Nossa alegria diante de um sistema metafísico, nossa satisfação em presença de uma construção do pensamento, em que a organização espiritual do mundo se mostra num conjunto lógico, coerente a harmônico, sempre dependem eminentemente da estética; têm a mesma origem que o prazer, que a alta satisfação, sempre serena afinal, que a atividade artística nos proporciona quando cria a ordem e a forma a nos permite abranger com a vista o caos da vida, dando-lhe transparência.

A verdade e a beleza devem ser postas em relação; tomadas em si mesmas, sem o apoio que mutuamente se prestam, são valores muito instáveis.     A beleza que não se fundasse na verdade, que não pudesse apelar para ela, que não nascesse dela, não vivesse graças a ela, seria pura quimera - e "que é a verdade"? Tirados de um mundo de fenômenos, de uma visão do mundo submetida a múltiplas condições, nossos conceitos, como o discerne e o reconhece a filosofia crítica, não são para uso transcendente mas só imanente; esse material de nosso pensamento e, com maior razão, os juízos que nos permite construir, não são meios adequados para quem quer apreender a própria essência das coisas e a verdadeira conexão do mundo e da existência. Mesmo que, por uma experiência intimamente vivida, se determine mais convencida e mais convincentemente o que está na base dos fenômenos ainda não se terá trazido à luz a raiz das coisas. Só isto encoraja o espírito humano a tentar este ensaio, que se lhe impõe a isto e o justifica; é a hipótese necessária de que também o nosso próprio ser, o nosso mais profundo Eu, é um elemento desse "substractum" do mundo, que aí deve ter raízes e que, por conseguinte, dele talvez se tirem alguns dados que permitam esclarecer a ligação do mundo dos fenômenos a da essência verdadeira das coisas.
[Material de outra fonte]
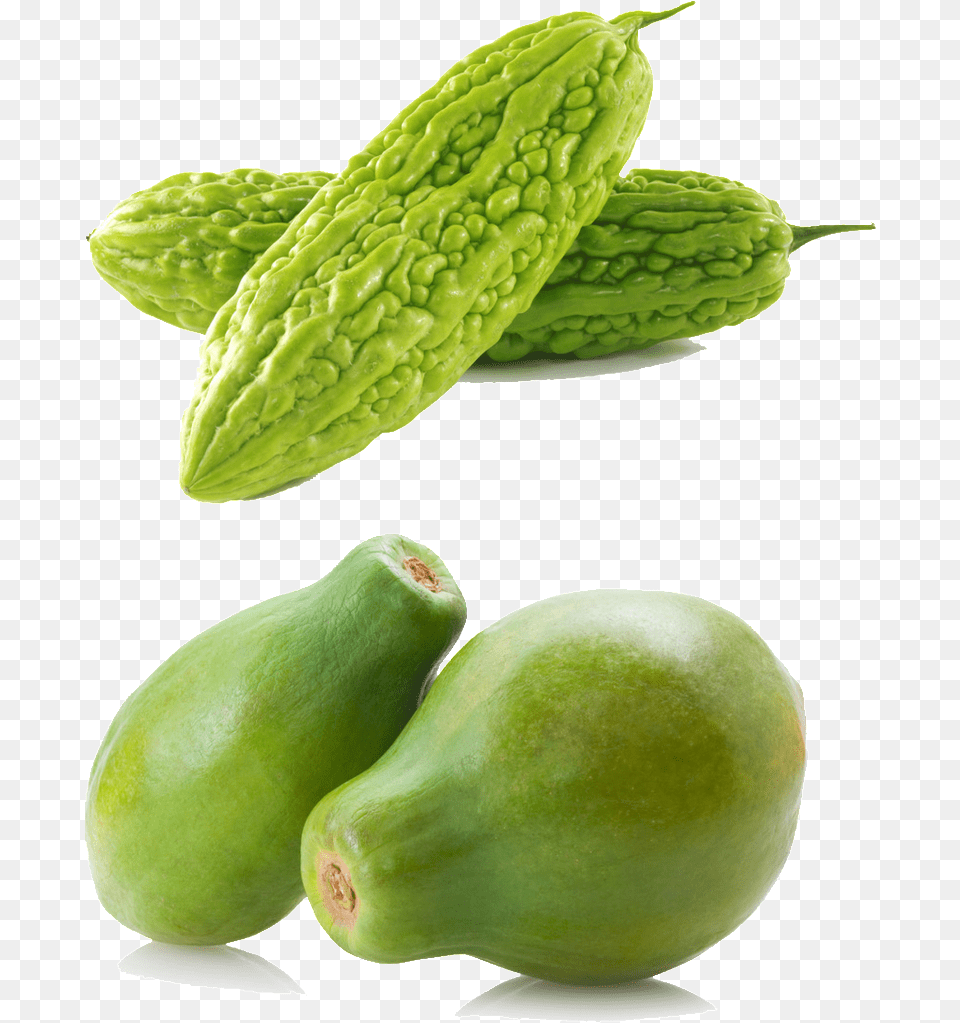 Momordica Charantia Bitter Melon Balsam Pear, Food, Produce, Animal, Snake Free Png Download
A história do pensamento de Schopenhauer faz-nos remontar à fonte do conhecimento em que se abeberou o Ocidente, onde o espírito científico tanto quanto o senso artístico da Europa tem origem aonde se encontram ainda unidos: ela conduz a Platão. As coisas do mundo, ensinava o pensador grego, não têm existência verdadeira; sempre em "devenir", jamais são. Não valem como objetos do verdadeiro conhecimento, pois só existe conhecimento que é em si, por si e sem mudança; ora, em sua multiplicidade , na relatividade de seu ser de empréstimo, que bem se poderia chamar um não-ser, jamais podem ser senão o objeto de uma opinião provocada por uma sensação. São sombras. O que só é verdadeiramente, o que não cessa de ser, sem jamais se transformar nem se perder, são os arquétipos, realidades a que essas sombras correspondem, são as Ideias eternas, os protótipos de todas as coisas. Ignoram estes a multiplicidade, porque, por essência, cada um deles é único, é precisa- mente o original, cujas cópias ou sombras não são mais que coisas ostentando o mesmo nome que ele, coisas isoladas, perecíveis e semelhantes. As ideias não poderiam nascer nem desaparecer com eles, porque são intemporais e verdadeiramente "existentes". Para elas não há "devenir" nem aniquilamento, como para suas cópias caducas. Só delas, pois, há um conhecimento verdadeiro, como do que é, em todos os tempos e de todos os pontos de vista.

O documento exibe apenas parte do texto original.